BRIEF
Only the lines that include "Apartment" should be copied from the data below.

[Short web captions]
════════════════

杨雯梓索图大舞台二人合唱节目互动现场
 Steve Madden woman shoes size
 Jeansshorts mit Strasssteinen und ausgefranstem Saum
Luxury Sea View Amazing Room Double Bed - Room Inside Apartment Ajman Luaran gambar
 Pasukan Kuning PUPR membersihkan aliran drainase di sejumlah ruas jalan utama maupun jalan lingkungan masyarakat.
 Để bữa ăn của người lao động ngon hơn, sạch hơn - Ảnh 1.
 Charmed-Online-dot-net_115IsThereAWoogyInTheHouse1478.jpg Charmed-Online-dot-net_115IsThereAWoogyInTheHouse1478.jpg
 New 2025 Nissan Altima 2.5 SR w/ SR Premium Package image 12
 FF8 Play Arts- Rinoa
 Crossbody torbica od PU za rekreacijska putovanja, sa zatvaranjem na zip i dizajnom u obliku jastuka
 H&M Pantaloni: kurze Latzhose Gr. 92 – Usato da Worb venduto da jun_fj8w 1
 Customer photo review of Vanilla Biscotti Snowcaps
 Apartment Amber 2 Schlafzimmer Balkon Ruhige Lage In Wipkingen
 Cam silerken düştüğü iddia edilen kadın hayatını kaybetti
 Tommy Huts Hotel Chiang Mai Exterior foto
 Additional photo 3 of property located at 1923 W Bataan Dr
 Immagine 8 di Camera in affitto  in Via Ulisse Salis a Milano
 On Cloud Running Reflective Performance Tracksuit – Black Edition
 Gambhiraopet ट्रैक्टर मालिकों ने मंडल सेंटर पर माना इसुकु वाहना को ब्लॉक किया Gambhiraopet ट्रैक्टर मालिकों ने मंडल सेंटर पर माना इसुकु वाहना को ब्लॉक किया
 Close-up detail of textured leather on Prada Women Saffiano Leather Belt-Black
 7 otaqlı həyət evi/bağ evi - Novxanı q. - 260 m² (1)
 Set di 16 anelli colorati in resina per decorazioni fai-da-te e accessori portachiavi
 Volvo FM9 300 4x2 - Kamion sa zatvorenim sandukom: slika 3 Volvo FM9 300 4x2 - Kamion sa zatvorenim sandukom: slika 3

════════════════

SOLUTION TO THIS PROBLEM
Luxury Sea View Amazing Room Double Bed - Room Inside Apartment Ajman Luaran gambar
 Apartment Amber 2 Schlafzimmer Balkon Ruhige Lage In Wipkingen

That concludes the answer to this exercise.